Event Recap: Women, Money and TechStanding room only on March 19 at the event held at Rev: Ithaca Startup Works!
Inside: emerging startups, interesting new programs, gender-aware investors & words of wisdom for entrepreneurs!
Nearly 200 people registered for the event from across New York and beyond, including investors, entrepreneurs, students and business advisors. Attendees participated in a meaningful dialogue about the challenges women in tech and finance face, and how best to overcome them.
Jennifer Tegan, board member at Upstate Capital and partner at Cayuga Venture Fund, kicked off the event, sharing her personal experience, and then addressing why the topic of women in tech and finance is important. She said, “For those of us who are women – because money is power and until we have access to the capital we need to start businesses, grow businesses and create wealth, we will continue to be shut out of the decision making roles and bodies that impact our lives and our bodies directly. For those of us who are investors – because diversity/inclusion leads to better decision making AND better corporate performance. For those of us who are men and women – because this is not a zero sum game. When society provides economic opportunity to all of its members, all members of that society benefit. And the studies around empowering women through work – boosts productivity, creates economic growth and diversification and has overwhelmingly positive development outcomes. So let tonight be about that – figuring out ways for how we lift each other up so that all of us can benefit socially, culturally and economically.”
|Cultivating relationships between entrepreneurs and capital providers is Upstate Capital’s primary goal, and the program kicked off with lightning pitches from three women-led startups, Heat Inverse, Cally and Shrubbucket. Then, audience members heard from three potential startups coming out of WE Cornell, Cornell University’s new program for women studying STEM and considering entrepreneurship.|
Susan Fleming, a thought leader in gender dynamics in business and finance, introduced “Executive Women in Leadership”, a program she just helped to launch with Deb Streeter at Cornell. This eCornell certificate program is a flexible, online program for women to advance their skills.
Starting off her comments with dismal statistics on the rate for women overall and women of color especially, Elisa Miller-Out talked about venture capital investment rates and returns for women-led startups, and shared what she’s doing through Chloe Capital to change that status quo on a national scale.
Julie Baker, co-founder at venture-backed Ursa Space Systems, finished the individual presentations with her personal story building about how and when gender parity in the hiring process became part of Ursa’s ethos. She made it clear that it started with CEO Adam Maher’s awareness of gender bias, and it’s evolved to make sure that women are consistently placed in leadership roles throughout the organization.
The last program component featured Andrea Ippolito, leader of WE Cornell, who spearheaded a panel discussion that included Lindsay Stencel of Launch NY, together with Julie Baker and Elisa Miller-Out. They discussed the differences between diversity and inclusion, how to recognize and address inherent gender bias, and some specific examples of what’s being done within their organizations to facilitate gender parity. Each person provided words of wisdom to fellow entrepreneurs:
Julie: “In addition to growing your network and talking to potential customers, learn to appreciate problems and be confident that you and the interdisciplinary team you have assembled can solve them. You may have to pivot! If you want to start a high-growth business, make sure that you are addressing a hair-on-fire problem, something that could bring great value to your customers in alleviating their pain.”

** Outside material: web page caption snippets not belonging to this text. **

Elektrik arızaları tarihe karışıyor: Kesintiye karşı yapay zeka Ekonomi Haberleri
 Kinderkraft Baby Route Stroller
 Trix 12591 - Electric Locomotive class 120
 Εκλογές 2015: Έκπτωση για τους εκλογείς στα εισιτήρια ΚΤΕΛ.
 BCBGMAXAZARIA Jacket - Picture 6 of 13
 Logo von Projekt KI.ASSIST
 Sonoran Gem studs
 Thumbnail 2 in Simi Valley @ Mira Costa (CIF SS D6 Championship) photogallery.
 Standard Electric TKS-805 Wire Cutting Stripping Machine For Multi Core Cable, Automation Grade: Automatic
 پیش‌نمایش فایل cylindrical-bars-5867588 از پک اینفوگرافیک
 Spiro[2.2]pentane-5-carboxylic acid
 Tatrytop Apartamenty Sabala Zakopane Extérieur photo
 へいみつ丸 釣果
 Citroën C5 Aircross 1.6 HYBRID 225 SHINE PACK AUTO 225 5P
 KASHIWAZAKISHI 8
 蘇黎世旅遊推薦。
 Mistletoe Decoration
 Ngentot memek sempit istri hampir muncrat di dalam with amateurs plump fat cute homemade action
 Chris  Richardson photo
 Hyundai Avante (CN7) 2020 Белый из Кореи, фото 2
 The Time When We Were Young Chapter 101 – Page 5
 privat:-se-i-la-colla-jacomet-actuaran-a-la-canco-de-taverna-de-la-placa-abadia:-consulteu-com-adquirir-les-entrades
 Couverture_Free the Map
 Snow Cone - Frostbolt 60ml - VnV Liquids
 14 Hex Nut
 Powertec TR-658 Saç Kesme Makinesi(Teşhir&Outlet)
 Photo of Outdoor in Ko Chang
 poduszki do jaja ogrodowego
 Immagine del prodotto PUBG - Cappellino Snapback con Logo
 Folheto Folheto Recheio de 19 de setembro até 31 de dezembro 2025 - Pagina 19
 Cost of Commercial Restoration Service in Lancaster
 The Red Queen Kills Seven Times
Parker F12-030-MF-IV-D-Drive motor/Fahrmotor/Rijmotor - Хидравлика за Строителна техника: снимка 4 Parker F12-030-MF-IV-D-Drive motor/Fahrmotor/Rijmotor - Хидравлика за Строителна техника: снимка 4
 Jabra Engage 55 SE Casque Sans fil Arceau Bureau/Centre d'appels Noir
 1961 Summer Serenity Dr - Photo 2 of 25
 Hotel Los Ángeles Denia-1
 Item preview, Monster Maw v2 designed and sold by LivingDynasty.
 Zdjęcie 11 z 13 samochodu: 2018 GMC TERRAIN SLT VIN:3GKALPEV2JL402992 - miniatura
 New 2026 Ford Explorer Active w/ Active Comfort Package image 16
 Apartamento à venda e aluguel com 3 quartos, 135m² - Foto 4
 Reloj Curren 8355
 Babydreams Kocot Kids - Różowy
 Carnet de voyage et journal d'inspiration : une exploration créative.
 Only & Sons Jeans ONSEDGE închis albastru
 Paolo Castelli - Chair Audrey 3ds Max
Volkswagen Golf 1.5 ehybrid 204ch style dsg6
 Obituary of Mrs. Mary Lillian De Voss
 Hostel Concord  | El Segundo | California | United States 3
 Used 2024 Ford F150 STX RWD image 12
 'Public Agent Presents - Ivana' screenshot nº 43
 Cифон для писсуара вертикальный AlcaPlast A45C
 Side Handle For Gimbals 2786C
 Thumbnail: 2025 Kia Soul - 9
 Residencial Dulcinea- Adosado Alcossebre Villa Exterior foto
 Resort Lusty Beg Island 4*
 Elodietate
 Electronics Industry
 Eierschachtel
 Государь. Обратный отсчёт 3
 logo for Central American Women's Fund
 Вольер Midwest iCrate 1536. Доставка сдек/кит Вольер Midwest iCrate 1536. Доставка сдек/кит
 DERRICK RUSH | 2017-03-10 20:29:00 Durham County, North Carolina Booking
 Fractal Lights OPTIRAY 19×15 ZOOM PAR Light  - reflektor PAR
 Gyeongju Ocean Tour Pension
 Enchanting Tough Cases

Elisa: “Lead with the numbers! If you have traction with customers, early revenue or have reached some key milestones, be sure to share that early and often with potential investors and partners.”
Lindsay: “Don’t ever walk into a room and let anyone make you feel less than what you are. If someone is going to treat you poorly, they’re not an investment fit for you. The best thing you can do is hold your head high, continue to push forward, be successful and end up on their anti-portfolio someday. The best revenge is wild success.”
Noa Simons, Executive Director for Upstate Capital, closed the program by thanking everyone and inviting them to upcoming events, particularly E^3 & NYBPC – the conference for entrepreneurs, featuring an expo with resources from across New York and beyond for entrepreneurs, and the finals for the statewide intercollegiate business plan competition, where over 100 teams will compete for prize money and recognition on April 26 in Albany.
Click here to see all our event pictures.
P.S. Through our events, we aim to strengthen connections across our communities. To support that goal, we invite event attendees to write their favorite non-profit organization on their business card, and we draw one card and donate $100 to the organization in honor of the person. Congratulations to Lucia Tyler of Tyler Admissions Consulting and the Ithaca YMCA for winning this month’s drawing!